Rare Gall found on Tormentil at Stoer
On 22nd July 2021, we carried out our annual survey of the plant-life on five sites within the 1 km square which straddles the start of the Stoer Peat Track (NC0429). This is a local contribution to the National Plant Monitoring Scheme, which we have been doing since 2016. It requires close scrutiny of small, previously-defined, strips or squares of habitat, to estimate the current abundance of all species found.
Site 2 is a 10 x 10m square of grassland on an old shieling at the foot of a crag at NC047293 (photo 1), which we survey on our hands and knees. Some 40 species have so far been listed from this site. One of the more conspicuous is tormentil Potentilla erecta, with its four-petalled yellow flowers. However, a particular example of this familiar plant caught the eye, since it had a row of neat swellings along its prostrate stem, each about 2mm across (photo 2).

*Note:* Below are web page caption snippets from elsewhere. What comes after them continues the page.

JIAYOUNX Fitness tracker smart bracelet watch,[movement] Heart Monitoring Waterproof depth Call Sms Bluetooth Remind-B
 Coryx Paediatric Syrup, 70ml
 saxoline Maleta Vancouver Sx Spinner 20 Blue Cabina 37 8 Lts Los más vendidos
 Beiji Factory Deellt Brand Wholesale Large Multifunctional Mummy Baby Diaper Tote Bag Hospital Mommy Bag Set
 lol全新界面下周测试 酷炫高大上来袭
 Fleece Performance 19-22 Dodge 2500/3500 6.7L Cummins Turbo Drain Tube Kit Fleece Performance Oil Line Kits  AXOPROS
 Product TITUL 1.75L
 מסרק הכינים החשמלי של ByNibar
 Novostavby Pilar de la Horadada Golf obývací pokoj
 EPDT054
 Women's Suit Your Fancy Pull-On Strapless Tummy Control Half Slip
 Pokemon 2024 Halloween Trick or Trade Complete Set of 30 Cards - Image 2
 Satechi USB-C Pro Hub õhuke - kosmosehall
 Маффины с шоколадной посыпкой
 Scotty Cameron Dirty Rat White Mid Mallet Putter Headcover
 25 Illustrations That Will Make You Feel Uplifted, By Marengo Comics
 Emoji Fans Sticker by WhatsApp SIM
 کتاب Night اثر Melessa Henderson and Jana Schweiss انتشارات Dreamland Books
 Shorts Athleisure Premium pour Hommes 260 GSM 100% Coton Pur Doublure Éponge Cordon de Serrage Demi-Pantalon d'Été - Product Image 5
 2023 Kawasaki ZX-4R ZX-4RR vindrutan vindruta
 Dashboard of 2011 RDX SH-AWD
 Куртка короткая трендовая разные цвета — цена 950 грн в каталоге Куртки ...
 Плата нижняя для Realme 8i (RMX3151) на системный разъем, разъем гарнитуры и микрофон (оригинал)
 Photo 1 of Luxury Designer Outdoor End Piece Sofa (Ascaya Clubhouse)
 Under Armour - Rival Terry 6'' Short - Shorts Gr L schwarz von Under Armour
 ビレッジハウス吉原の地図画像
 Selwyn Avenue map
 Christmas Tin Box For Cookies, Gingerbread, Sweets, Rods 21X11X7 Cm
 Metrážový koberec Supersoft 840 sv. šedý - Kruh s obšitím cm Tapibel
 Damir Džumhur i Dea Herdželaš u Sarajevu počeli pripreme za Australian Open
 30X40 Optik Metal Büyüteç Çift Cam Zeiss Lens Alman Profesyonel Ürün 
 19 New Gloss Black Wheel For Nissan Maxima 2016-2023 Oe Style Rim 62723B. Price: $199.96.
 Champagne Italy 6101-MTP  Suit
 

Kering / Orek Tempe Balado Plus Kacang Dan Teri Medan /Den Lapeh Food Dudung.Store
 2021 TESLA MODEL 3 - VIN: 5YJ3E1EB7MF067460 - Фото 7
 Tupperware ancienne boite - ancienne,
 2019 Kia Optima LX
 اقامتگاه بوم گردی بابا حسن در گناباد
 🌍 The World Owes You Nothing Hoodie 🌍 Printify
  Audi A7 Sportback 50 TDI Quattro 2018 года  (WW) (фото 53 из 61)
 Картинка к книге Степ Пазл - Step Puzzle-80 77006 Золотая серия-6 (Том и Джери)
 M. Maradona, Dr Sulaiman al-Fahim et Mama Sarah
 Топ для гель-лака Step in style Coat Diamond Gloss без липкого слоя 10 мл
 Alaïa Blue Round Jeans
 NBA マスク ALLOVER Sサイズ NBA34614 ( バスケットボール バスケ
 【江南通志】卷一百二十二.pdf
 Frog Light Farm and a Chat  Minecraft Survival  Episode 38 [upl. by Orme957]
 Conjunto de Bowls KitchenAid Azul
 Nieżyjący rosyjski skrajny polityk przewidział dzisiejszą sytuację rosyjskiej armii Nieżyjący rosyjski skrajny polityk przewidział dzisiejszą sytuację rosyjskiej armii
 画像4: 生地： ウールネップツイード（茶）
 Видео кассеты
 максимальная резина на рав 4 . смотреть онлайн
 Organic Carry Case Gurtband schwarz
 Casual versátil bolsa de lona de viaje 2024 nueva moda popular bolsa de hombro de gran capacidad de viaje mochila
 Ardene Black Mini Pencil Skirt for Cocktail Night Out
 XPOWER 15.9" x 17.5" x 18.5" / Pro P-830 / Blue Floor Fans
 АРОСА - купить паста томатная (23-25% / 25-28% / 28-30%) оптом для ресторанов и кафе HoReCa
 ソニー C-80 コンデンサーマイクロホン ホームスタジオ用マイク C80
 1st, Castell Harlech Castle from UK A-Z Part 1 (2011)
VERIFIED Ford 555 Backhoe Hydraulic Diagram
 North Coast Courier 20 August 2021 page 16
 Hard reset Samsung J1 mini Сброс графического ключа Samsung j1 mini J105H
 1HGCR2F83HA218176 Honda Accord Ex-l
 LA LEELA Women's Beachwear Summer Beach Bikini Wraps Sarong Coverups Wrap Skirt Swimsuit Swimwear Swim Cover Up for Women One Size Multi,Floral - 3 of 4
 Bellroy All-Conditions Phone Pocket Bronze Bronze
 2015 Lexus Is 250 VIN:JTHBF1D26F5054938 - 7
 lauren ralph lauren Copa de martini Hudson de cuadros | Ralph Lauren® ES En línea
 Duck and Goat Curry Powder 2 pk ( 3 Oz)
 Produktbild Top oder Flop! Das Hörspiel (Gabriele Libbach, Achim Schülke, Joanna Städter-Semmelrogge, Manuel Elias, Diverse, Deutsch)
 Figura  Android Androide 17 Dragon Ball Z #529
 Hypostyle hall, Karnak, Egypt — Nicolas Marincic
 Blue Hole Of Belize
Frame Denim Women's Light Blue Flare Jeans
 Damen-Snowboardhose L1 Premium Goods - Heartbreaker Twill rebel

Closer inspection suggested that these might be galls, possibly ones caused by the gall wasp Xestophanes brevitarsis, which is specific to this host. Dr Margaret Redfern of the British Plant Gall Society was able to confirm our provisional identification from the photograph. Only 20 records of this species are mapped on NBN (National Biodiversity Network) for the whole of the British Isles. Just two of these are from Highland Scotland, neither in the north-west, so a good find.